**SOURCE DATA**
• • •
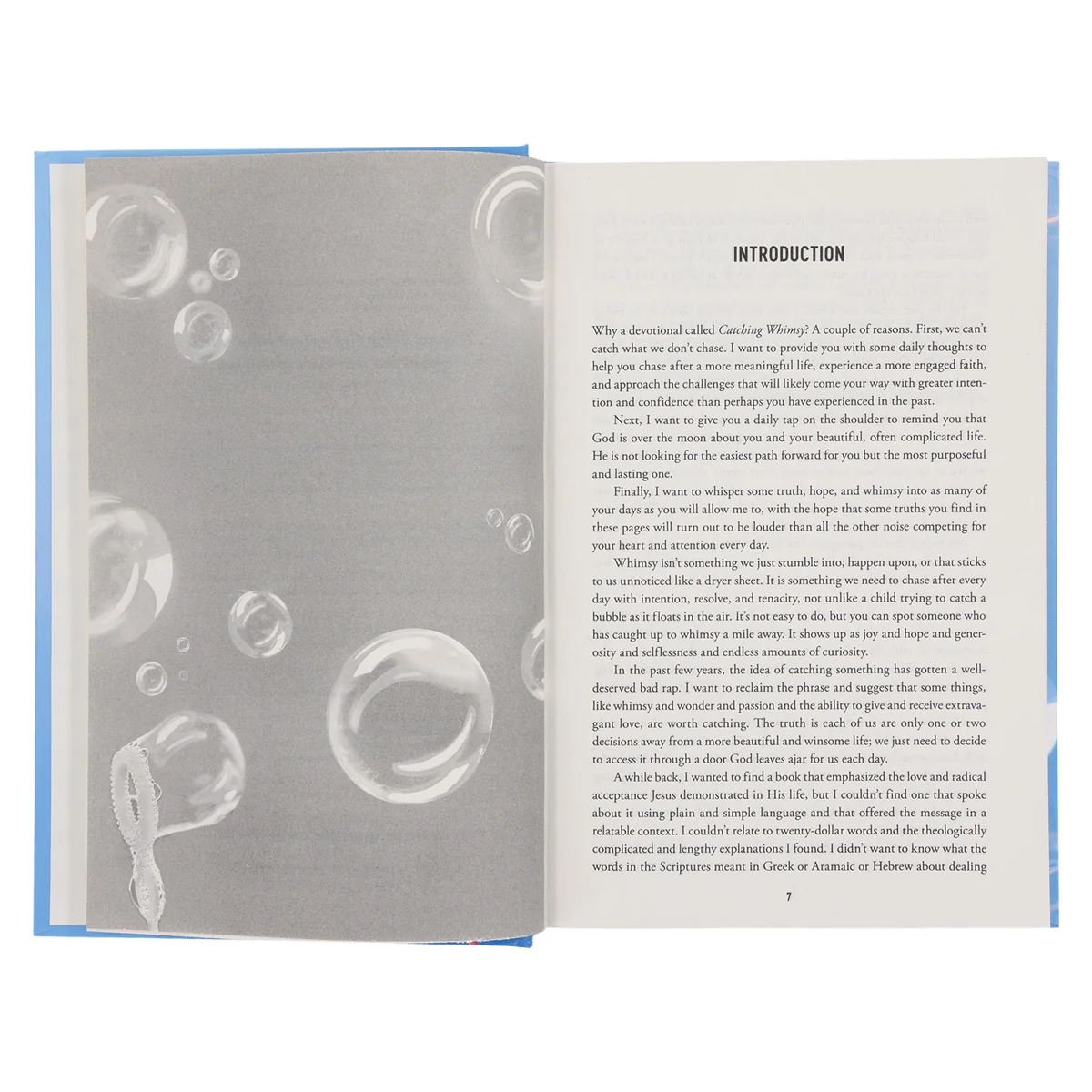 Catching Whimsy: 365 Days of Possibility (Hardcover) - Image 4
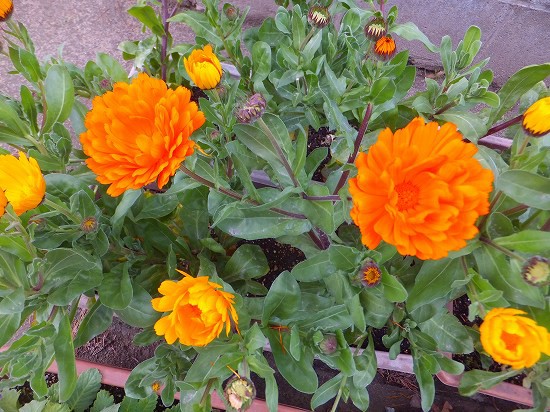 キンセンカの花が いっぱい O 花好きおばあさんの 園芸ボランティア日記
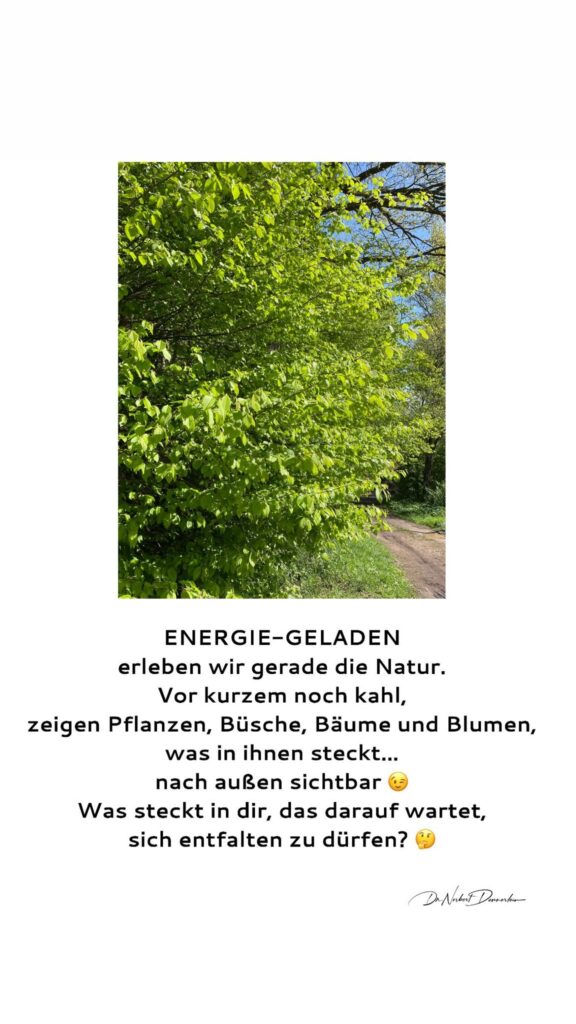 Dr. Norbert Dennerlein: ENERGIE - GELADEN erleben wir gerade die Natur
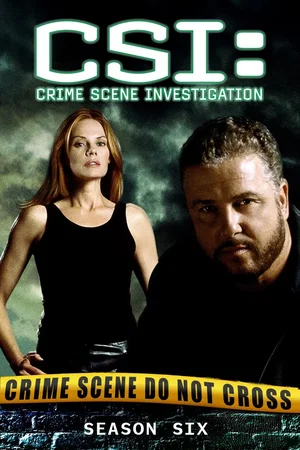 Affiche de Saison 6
• • •
**BRIEF**
What is needed is every line from the one with "Dr. Norbert Dennerlein: ENERGIE" to the final line of the listing above, set down exactly and with the pictures left out.

**EXERCISE SOLUTION**
 Dr. Norbert Dennerlein: ENERGIE - GELADEN erleben wir gerade die Natur
 Affiche de Saison 6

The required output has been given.